How Dominique Crenn Embraces Design in the Kitchen
Atelier Crenn is small. No more than 35 diners can be accommodated at a single time. Yet eating at the San Francisco restaurant can be a sweeping, artistic experience because of how chef Dominique Crenn and her team have envisioned the presentation of their dishes. “The visuals must trigger something in your mind, condition you to what you experience,” says the French-born chef. “It’s not just putting food on a plate. It’s also storytelling.”
Diners are presented with a poem, not a menu. Each verse arrives as a dish that evokes Crenn’s past and present as well as the seasons and the emotions they stir up in her. The dessert called “Walk in the forest” is a version of a savory dish the restaurant used to serve when it opened in 2011. Pastry chef Juan Contreras suggested the revival. It embodies Crenn’s memories of mushroom- and berry-hunting excursions in the French woods with her father and brother. Customers, she says, are very interested in the narrative and the journey. “It’s all part of an expanse,” she says. The dessert is composed of blackberries, pine nuts, and a sorrel mousse; and arrives in a custom-made vessel with the color and texture of the French woods. It has, Crenn says, “the texture, sweetness, and bitterness of what the forest is about.”

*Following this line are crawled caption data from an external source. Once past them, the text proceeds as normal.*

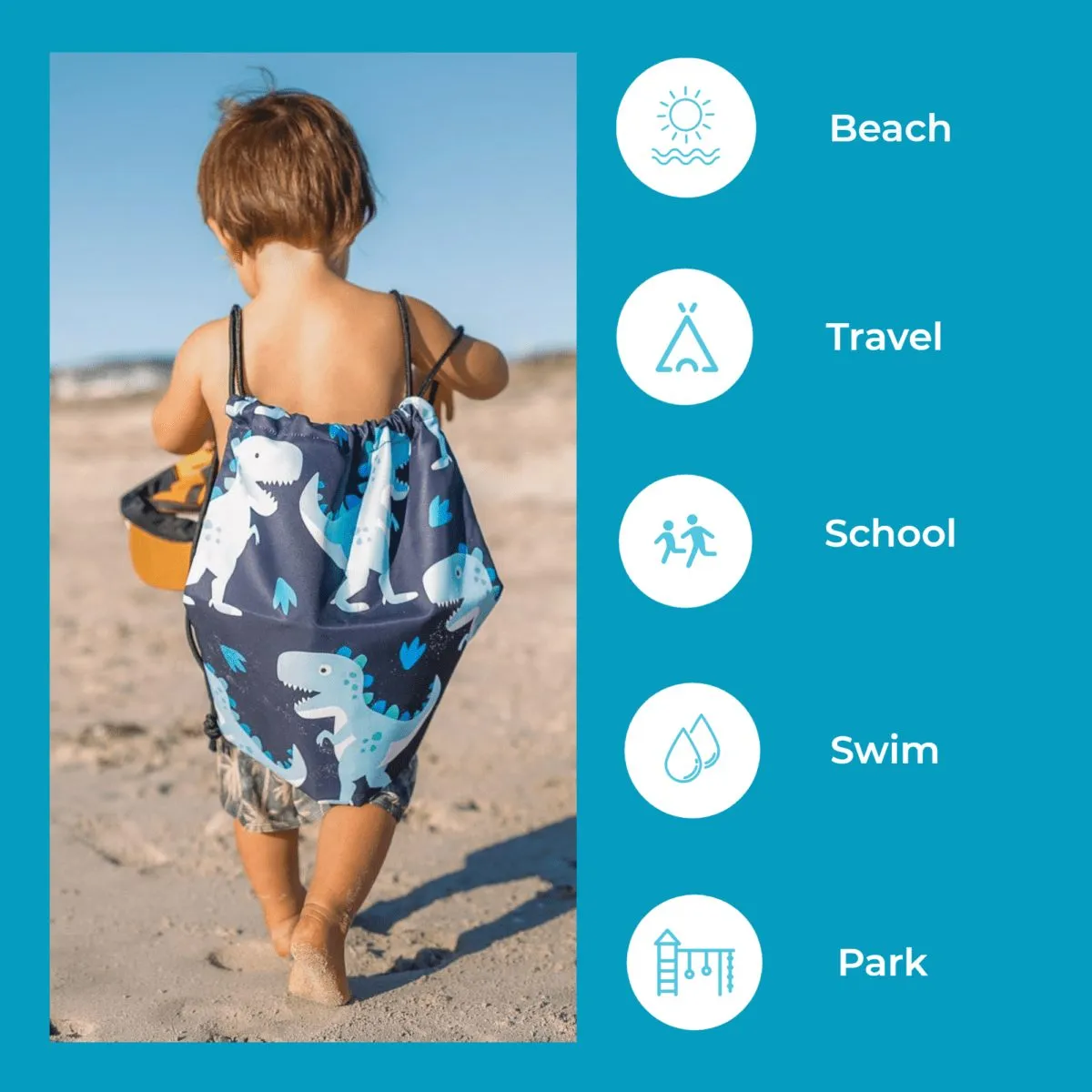Dino Drawstring Swim Bag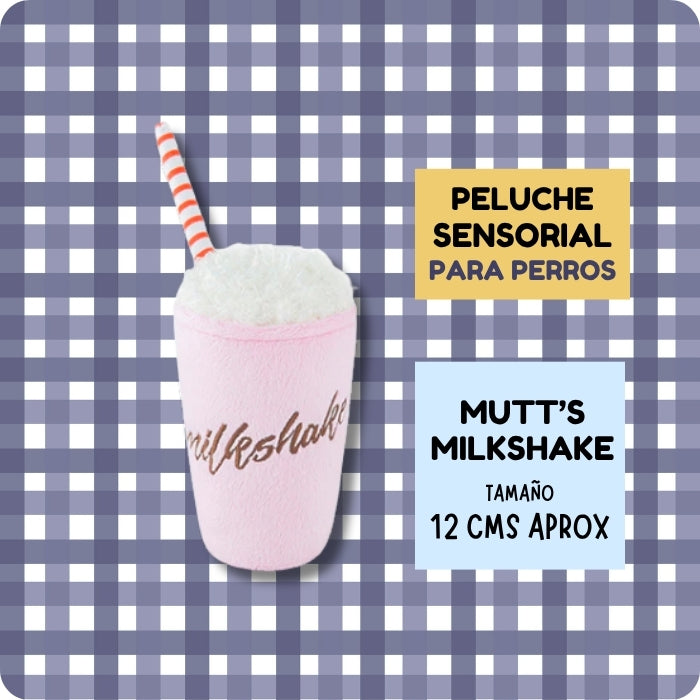 Peluche sensorial para perros Milkshake con sonajero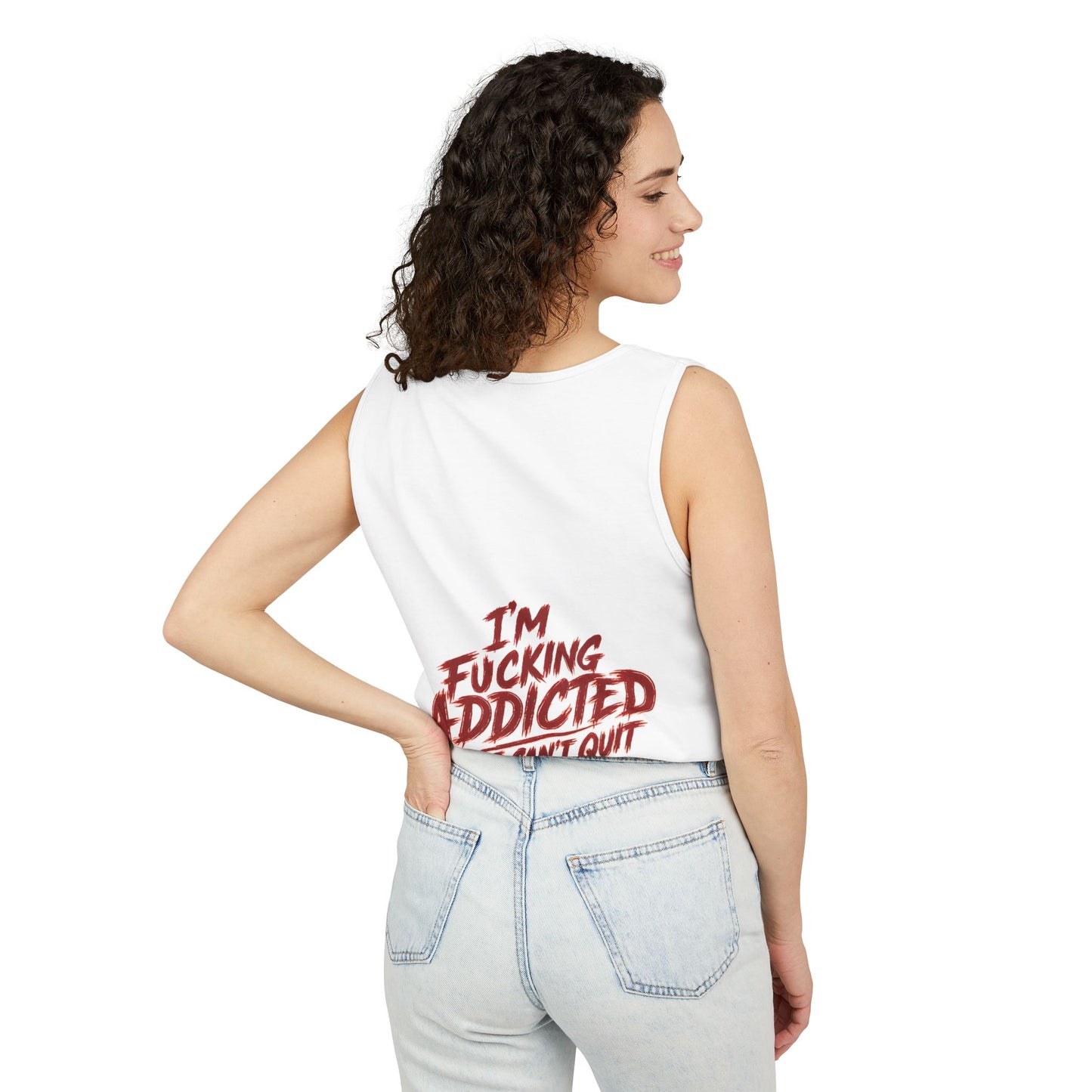 SCW 4 Life Tank Top — Bold Red Brush Script Front & "I’m Fucking Addicted and I Can’t Quit" Back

Atelier Crenn has two Michelin stars and fans across the world. New York businessman Sunjit Chawla makes sure he books a table at the restaurant every time he visits. (He's eaten there seven times.) To him, it’s not just about the visuals. “The food tastes even better than it looks.” Crenn will be featured in the second season of Chef’s Table on Netflix, which starts on May 27.